Le sanzioni e le ‘guerre camaleonte’

Due secoli fa il prussiano Clausewitz non solo diceva che la guerra è «la continuazione della politica con altri mezzi», ma aggiungeva anche che la guerra è «un camaleonte e si combatte spesso sotto altre forme apparentemente non belliche». Dagli assedi per fame e sete ai blocchi navali, alla sanzioni commerciali, nulla di nuovo sul fronte delle guerre.

2500 anni fa il decreto di Megara

Intorno al 432 a.C. gli ateniesi imposero alla città di Megara una delle prime sanzioni economiche ricordate dalla storia. I megaresi, accusati di aver ucciso un inviato neutrale, furono banditi da tutti i porti e i mercati controllati dall’impero di Atene: lo scopo era di piegare la città ribelle facendone crollare i commerci senza per questo irritare troppo Sparta, ma la conseguenza fu la guerra del Peloponneso, ovvero l’attacco ad Atene da parte di una coalizione guidata proprio dagli spartani. Questo esempio divenne importante nei secoli successivi perché considerato una sorta di modello che si ripeté altre volte, senza contare le teorie che furono elaborate in relazione al rapporto tra guerra e sanzioni.
Nel corso della storia si ebbero spesso piccole ritorsioni reciproche sui dazi che originarono altri scontri minori, più contenuti e che furono ricomposti, ma sanzioni economiche di ampia portata finirono sempre per essere considerate ‘azioni di guerra’.
Quando gli americani imposero al Giappone l’embargo sulle forniture di petrolio, prodotto strategico per l’economia del Sol Levante. i giapponesi reagirono con l’attacco di Pearl Harbor, ovvero scatenando un conflitto da cui uscirono sconfitti, senza per questo risolvere la carenza di prodotti petroliferi.

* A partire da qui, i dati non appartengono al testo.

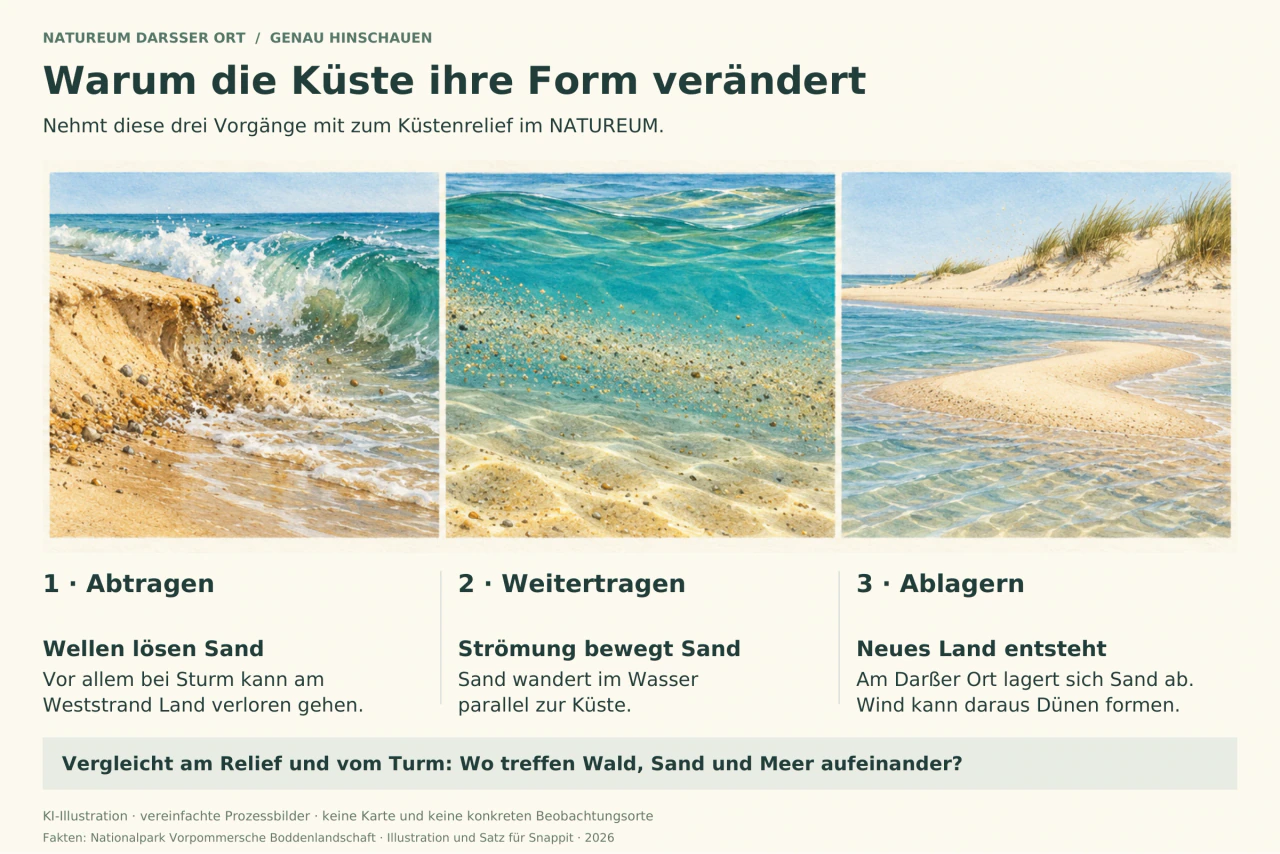 Drei getrennte Prozessbilder: links löst eine Welle Sand von einem niedrigen Ufer; in der Mitte treiben Sandkörner im Wasser; rechts liegen eine neue Sandbank und eine flache, spärlich bewachsene Düne. Deutsche Texte erklären Abtrag, Transport und Ablagerung.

L’Italia e «le inique sanzioni»

A parte i casi in cui le sanzioni hanno fatto precipitare una situazione, tuttavia non sempre hanno prodotto i risultati sperati. Il caso più citato riguarda le sanzioni imposte all’Italia da parte della Società delle Nazioni dopo l’aggressione all’Etiopia nell’ottobre 1935. La stragrande maggioranza dei membri dell’organizzazione internazionale condannò la guerra, ma ogni stato mantenne una propria posizione sulla questione economica e altri stati non appartenenti alla Società (in primis Germania e Stati Uniti) continuarono le forniture all’Italia di carbone, ferro, rame o petrolio. L’effetto fu quindi solo apparente.
Il regime fascista a sua volta trasse dalla propaganda contro «le inique sanzioni» un argomento con cui consolidarsi, ma soprattutto – aumentando il debito pubblico – varò numerosi provvedimenti di intervento pubblico nell’economia. Mancò insomma un accordo nella comunità internazionale e soprattutto non fu proclamato l’embargo anche sui prodotti petroliferi o bloccato i traffici commerciali, compreso il canale di Suez.
Con il senno di poi, alcuni studiosi hanno ipotizzato che in questo caso l’Italia non sarebbe stata più in grado di continuare le operazioni militari in Etiopia nella condizione di dover scegliere tra la continuazione della guerra o la sopravvivenza economica.

Il dopoguerra

Un periodo nuovo si aprì con la costituzione delle Nazioni Unite. Sebbene nei confronti delle sanzioni collettive ci furono frequenti paralisi decisionali dovute alla mancanza di unanimità nel consiglio di sicurezza, furono comunque dichiarate sanzioni nei casi controversi della Rhodesia e Sudafrica che durarono undici anni, ovvero dal 1968 al 1979, anno in cui la Rhodesia capitolò, mentre il regime sudafricano fu appoggiato ad esempio da Israele.
Prima ancora era stato proclamato un embargo internazionale nei confronti della Corea del Nord (1950) o contro Cuba (1959), entrambi modificati in parte, ma di fatto mai revocati.
Dure sanzioni furono comminate anche all’Irak di Saddam Hussein, ma l’eco delle polemiche sulle modalità non si spense nemmeno con il crollo del regime. Recente e ancora viva è la questione delle sanzioni all’Iran per l’arricchimento dell’uranio, altalenante tra le varie amministrazioni presidenziali Usa che si sono via via succedute.

Meno noto al pubblico è però che, nello stesso periodo, in conformità ai poteri concessi dalla carica, numerosi presidenti Stati Uniti ‘unilateralmente’ – cioè senza approvazione internazionale – hanno fatto ricorso a questi provvedimenti almeno un centinaio di volte.